Addressing the Increasing Costs of Homeownership

Buying a home is the largest single investment most Americans will make, but during the last few years, that dream has become increasingly unreachable for a significant portion of the population as the housing market experiences strong home price appreciation (HPA) and historically low levels of supply. A recent Wall Street Journal article reported on this rising home price trend, outlining how mortgage payments can become unaffordable as a result. According to the Federal Reserve Bank of Atlanta, the median American household would need 32.1 percent of its income to cover mortgage payments on a median-priced home – the most since November 2008, when the same outlays would require 34.2 percent of income.

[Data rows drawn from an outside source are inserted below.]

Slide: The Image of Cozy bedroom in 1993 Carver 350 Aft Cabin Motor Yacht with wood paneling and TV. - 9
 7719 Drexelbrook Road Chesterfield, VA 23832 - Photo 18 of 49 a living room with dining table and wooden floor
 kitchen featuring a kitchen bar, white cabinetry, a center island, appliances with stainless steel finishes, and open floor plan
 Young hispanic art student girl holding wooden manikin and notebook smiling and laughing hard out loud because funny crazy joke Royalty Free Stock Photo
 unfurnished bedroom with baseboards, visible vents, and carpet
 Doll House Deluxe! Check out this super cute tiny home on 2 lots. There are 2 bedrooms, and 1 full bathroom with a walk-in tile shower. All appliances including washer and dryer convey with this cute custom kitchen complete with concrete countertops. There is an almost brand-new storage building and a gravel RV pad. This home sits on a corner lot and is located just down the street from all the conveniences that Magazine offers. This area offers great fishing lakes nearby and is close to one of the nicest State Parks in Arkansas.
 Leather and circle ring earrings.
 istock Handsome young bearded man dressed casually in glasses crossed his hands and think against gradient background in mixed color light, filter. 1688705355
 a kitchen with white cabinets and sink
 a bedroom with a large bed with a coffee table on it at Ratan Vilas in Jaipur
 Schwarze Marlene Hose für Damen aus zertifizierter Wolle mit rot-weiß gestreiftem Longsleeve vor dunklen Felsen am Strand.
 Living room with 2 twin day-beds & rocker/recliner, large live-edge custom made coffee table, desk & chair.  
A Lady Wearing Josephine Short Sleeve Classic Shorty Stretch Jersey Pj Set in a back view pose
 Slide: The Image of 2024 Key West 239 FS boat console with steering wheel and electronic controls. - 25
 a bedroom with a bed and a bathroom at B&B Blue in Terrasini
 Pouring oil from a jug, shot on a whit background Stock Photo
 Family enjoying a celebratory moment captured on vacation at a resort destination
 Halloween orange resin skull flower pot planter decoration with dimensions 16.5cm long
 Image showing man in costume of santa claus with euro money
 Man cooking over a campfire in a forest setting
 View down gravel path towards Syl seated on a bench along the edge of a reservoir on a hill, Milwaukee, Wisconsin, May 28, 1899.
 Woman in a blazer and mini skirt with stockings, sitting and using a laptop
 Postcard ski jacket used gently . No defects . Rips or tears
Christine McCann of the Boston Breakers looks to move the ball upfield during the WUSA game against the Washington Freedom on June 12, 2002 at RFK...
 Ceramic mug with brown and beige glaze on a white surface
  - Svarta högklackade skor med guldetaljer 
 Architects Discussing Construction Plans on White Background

Moreover, the Federal Housing Finance Agency’s (FHFA) 2021 Q3 House Price Index (HPI®) report indicates that house prices were up 4.2 percent compared to the second quarter of 2021, but the real surprise comes when you look over the one year period during which home prices climbed 18.5 percent.

With this in mind, it is no surprise that an increasing number of consumers (64 percent) believe it is a bad time for buying a home, according to Fannie Mae’s latest Home Purchase Sentiment Index (HPSI®). This is a dramatic change from a year ago when that rate stood at only 35 percent, a change driven by consumers’ sentiments that home prices (plurality at 45 percent) and mortgage rates (majority at 58 percent) will increase over the next 12 months.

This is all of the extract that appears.